About one-fourth of tolls charged will be spent to operate the toll system, pay insurance and credit-card fees or go uncollected. Many drivers are paranoid — with some basis in reality — that the government’s game plan is to let traffic clog nearby I-90, as people seek to avoid the 520 tolls, as a justification for tolling on that bridge, too.
Technical problems delayed the start of tolling for more than a year, depriving the state of about $1 million a week in expected revenue.
As for accounting challenges, the sheer intensity of traffic — nearly 30,000 cars per lane per weekday now — sets the 520 bridge in a league by itself. But the system has passed recent tests.

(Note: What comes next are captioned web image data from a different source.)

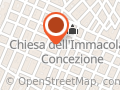 Sunny House - Casa Vacanze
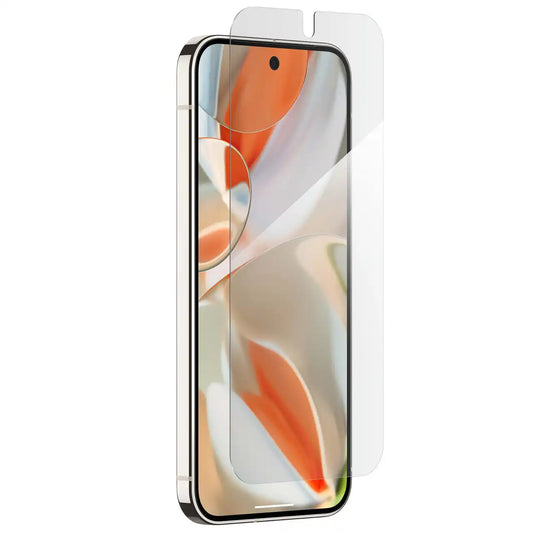 Glass Elite Screen Protector
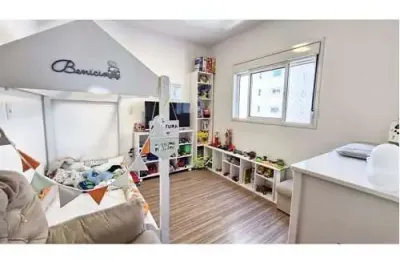 Apartamento-para venda-26 rua raimundo simão de souza, vila andrade, vila andrade, são paulo, são paulo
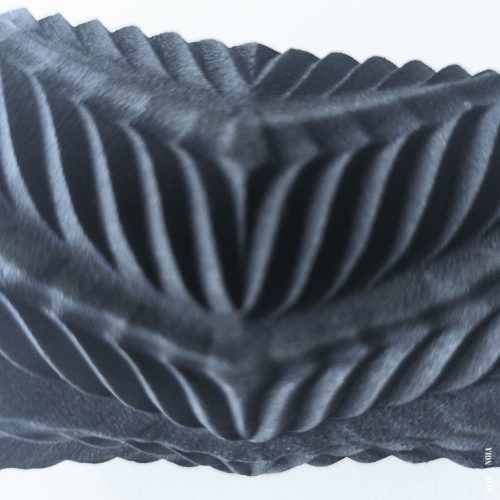 MOED_BRACELET_AVIANOIA_8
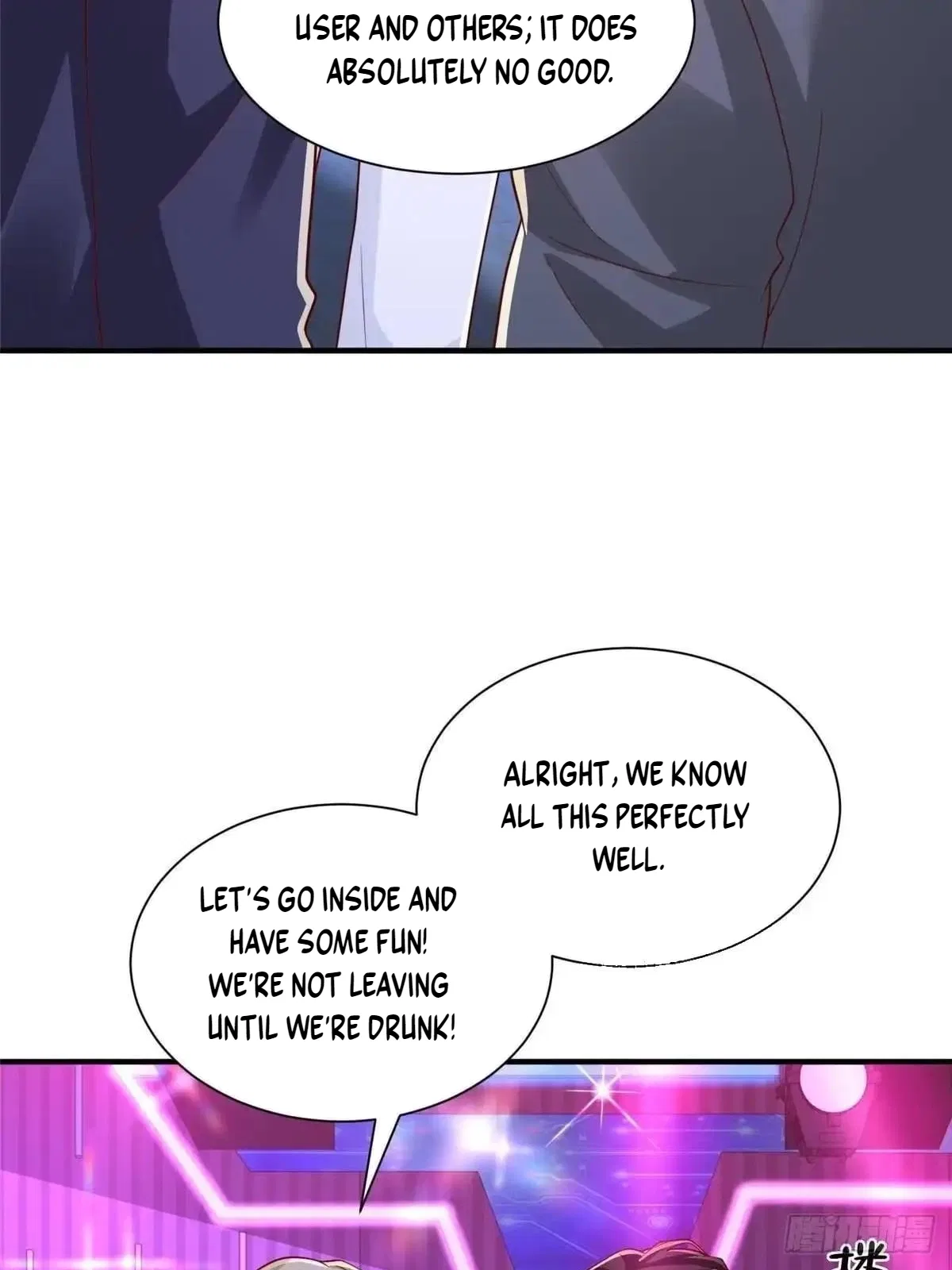 I randomly have a new career every week Chapter 929 – Page 24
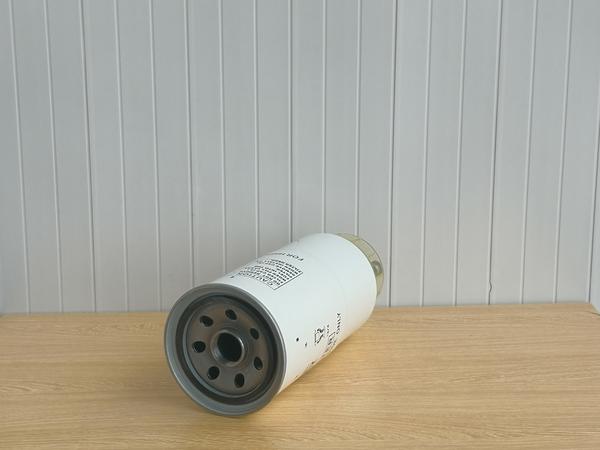 KOMATSU 小松G6003114510 (1)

“If it can be made to work satisfactorily there, it can be made to work anywhere,” said Peter Samuels, editor of Toll Roads News.

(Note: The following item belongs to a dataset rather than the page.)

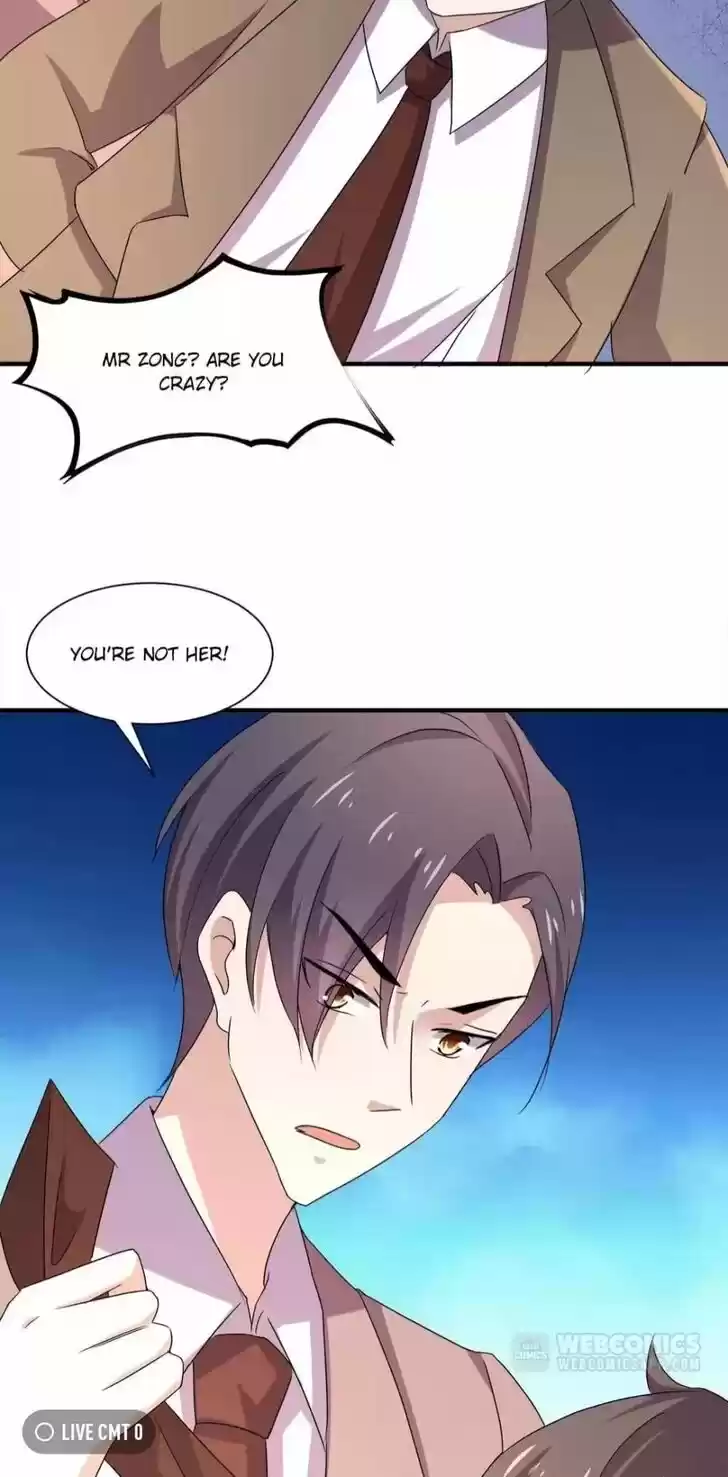 Chunqing Lushao Ch.242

Indeed, the Port Authority of New York and New Jersey is attempting a move to cashless tolling, after Seattle shows the way.
Almost certainly, there will be hiccups, said J.J. Eden, a former North Carolina Turnpike chief who led an expert panel to examine and fix this year’s 520 toll difficulties.

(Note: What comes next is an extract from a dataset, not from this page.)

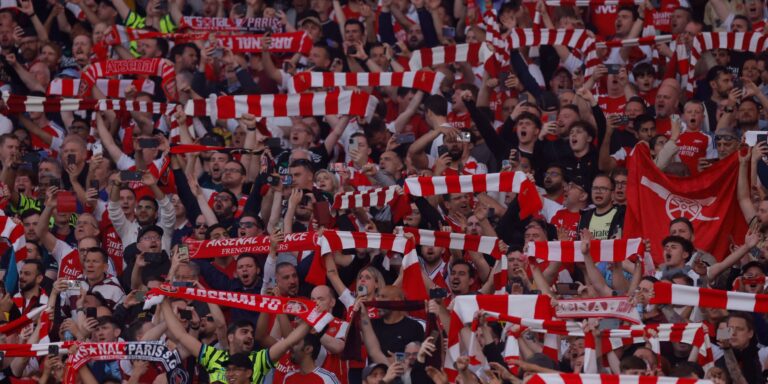 arsenal-emirates-stadium-premier-league-4.jpg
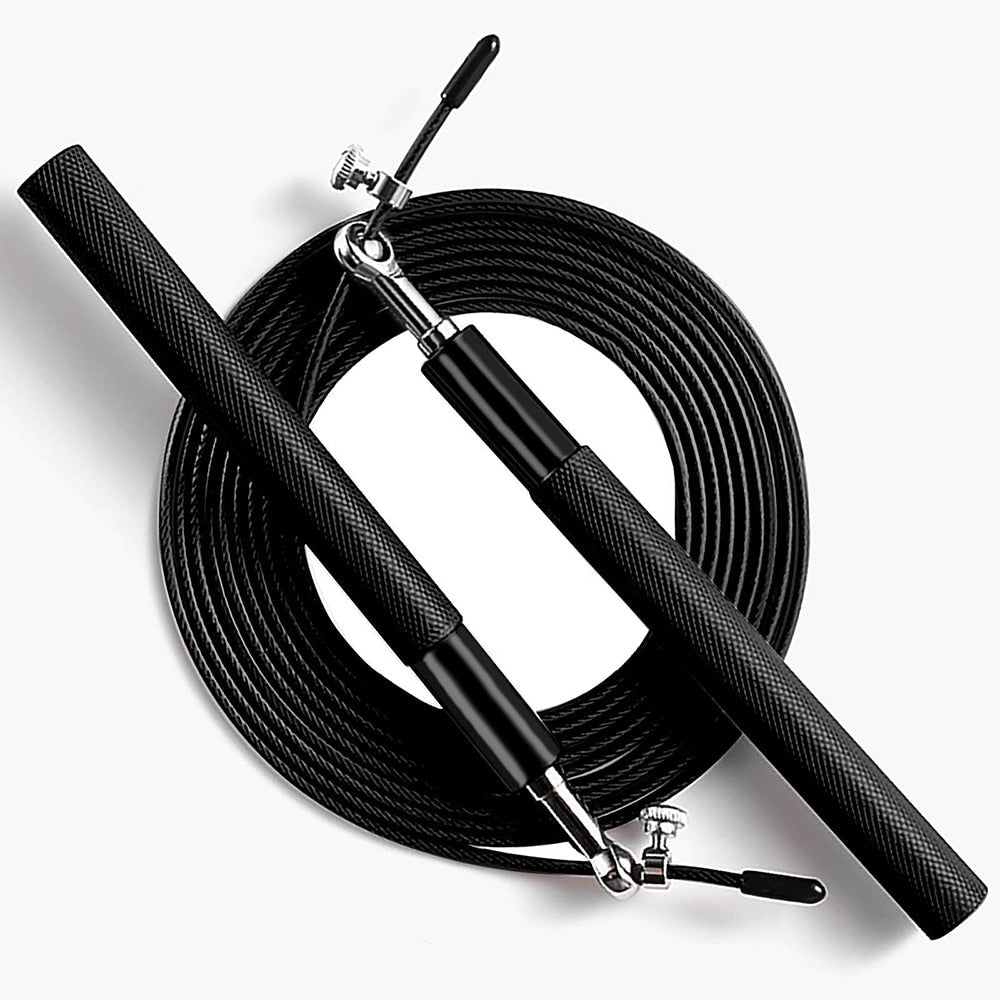 Fast Fitness Jump Rope 360 Degree - Cofik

“I’ve never seen a system come alive without something,” he said. “They’re very high-tech computerized systems.” Whether problems are major is relative. Certainly it’s “major” for the fraction of drivers who receive an incorrect toll bill, he said.
This can happen. Mistaken citations for $52 were mailed last spring to more than 4,000 people who had crossed the Tacoma Narrows during a transition between tolling firms.
So buckle up for a potentially bumpy ride.
The possible benefit of so-called early tolling of the old bridge is smoother traveling for those willing and able to pay.
When tolls are high at rush hour, people drive less or change schedules, an idea known as “congestion pricing.” To help subsidize the experiment, the federal government provided $123 million for toll equipment and transit.
A peak-time drive across the 520 bridge is projected to be 20 mph faster, said Craig Stone, tolling director for the state Department of Transportation (DOT). But he’s the first to admit that traffic predictions can go wildly wrong.
This rosy scenario relies on a gamble — that Seattle’s already-stressed road network can withstand people driving farther to avoid paying tolls.
“You are going to have whole new congestion patterns,” said Mark Hallenbeck, director of the Washington State Transportation Center at the University of Washington. Some drivers will take the free I-90 bridge, or Highway 522 through Kenmore and Lake City.
Traffic could even increase as drivers backtrack on central I-5 between the University District and Beacon Hill.
If this leads to backups at Portage Bay, it would cancel the speed gains for toll payers. “We’ll be watching very closely how 520 merges to I-5,” Stone said.
Hallenbeck and other experts believe it will take six months for travelers to try different times, bridges and toll rates until traffic settles.
Puget Sound governments’ official transportation plan calls for less congestion in 2030, despite adding 1.1 million people — an impossible feat without widespread pricing of highways, Seattle analyst John Niles says.
Of course, the state needs continued use of the 520 bridge to support bonds to build the new bridge. A finance report says travel could drop by nearly half in 2012, then increase steadily, and the state still could support at least the $500 million in bonds sold this fall and three more large bond sales.
The tolling system for the 520 bridge is supposed to track as many as one vehicle per second at the busiest times, a daunting challenge.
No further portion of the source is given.